Regulating competing supramolecular interactions using Ligand concentration.

The complexity of biomol. systems inevitably leads to a degree of competition between the noncovalent interactions involved. However, the outcome of biol. processes is generally very well-defined often due to the competition of these interactions. In contrast, specificity in synthetic supramol. systems is usually based on the presence of a min. set of alternative assembly pathways. While the latter might simplify the system, it prevents the selection of specific structures and thereby limits the adaptivity of the system. Therefore, artificial systems contg. competing interactions are vital to stimulate the development of more adaptive and lifelike synthetic systems. Here, we present a detailed study on the self-assembly behavior of a C2v-sym. tritopic mol., functionalized with three self-complementary ureidopyrimidinone (UPy) motifs. Due to a shorter linker connecting one of these UPys, two types of cycles with different stabilities can be formed, which subsequently dimerize intermolecularly via the third UPy.
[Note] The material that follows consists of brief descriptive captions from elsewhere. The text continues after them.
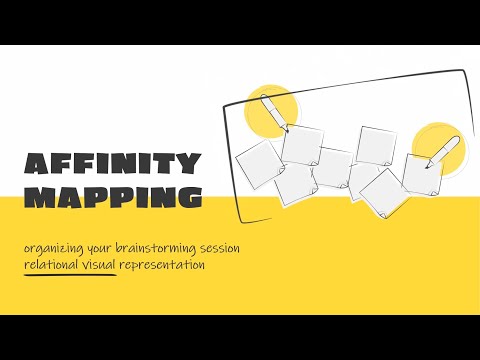 Affinity Mapping (Diagramming)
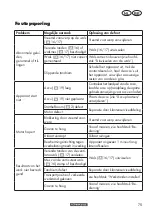 Preview for 75 page of Parkside PLVA 40-Li A1 Translation Of The Original Instructions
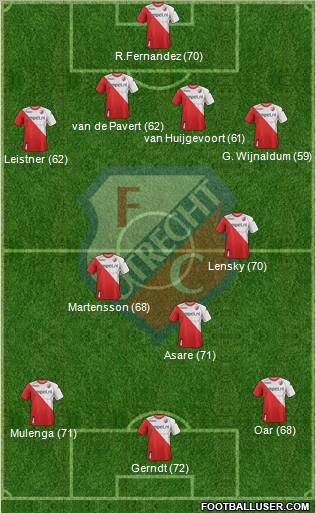 FC Utrecht Formation 2012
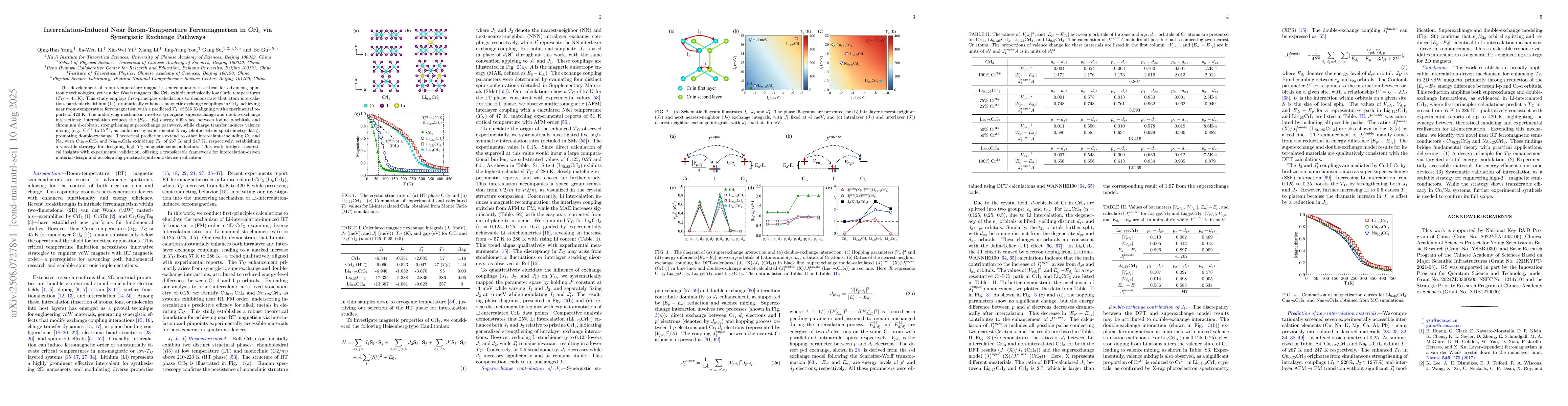 Thumbnail for Intercalation-Induced Near Room-Temperature Ferromagnetism in CrI3 via
  Synergistic Exchange Pathways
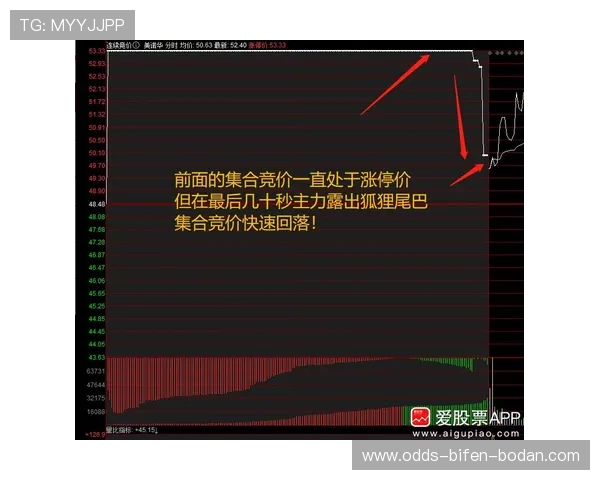 波胆分析大小球实战技巧 防骗防封电子真人指南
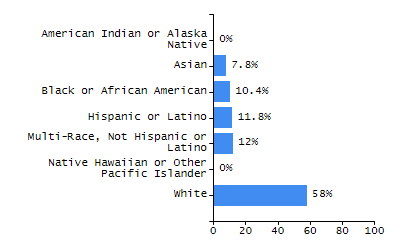Bar chart showing selected student populations. Students with Disabilities: 13.2%, Low Income: 53.7%, First Language Not English: 17.2%, English Learners: 5.3%, High Needs: 59.9%.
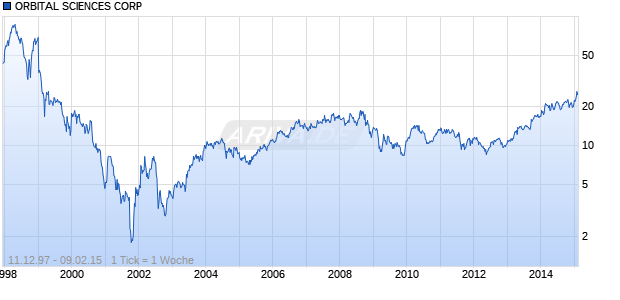 ORBITAL SCIENCES CORP Chart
The UPy complementary 2,7-diamido-1,8-naphthyridine (NaPy) motif was gradually added to this mixt. in order to examine its effect on the cycle distribution. As a result of the C2v-symmetry of the tritopic UPy, together with small differences in binding strength, the cycle ratio can be regulated by altering the concn. of NaPy. We show that this ratio can be increased to an extent where one type of cycle is formed almost exclusively.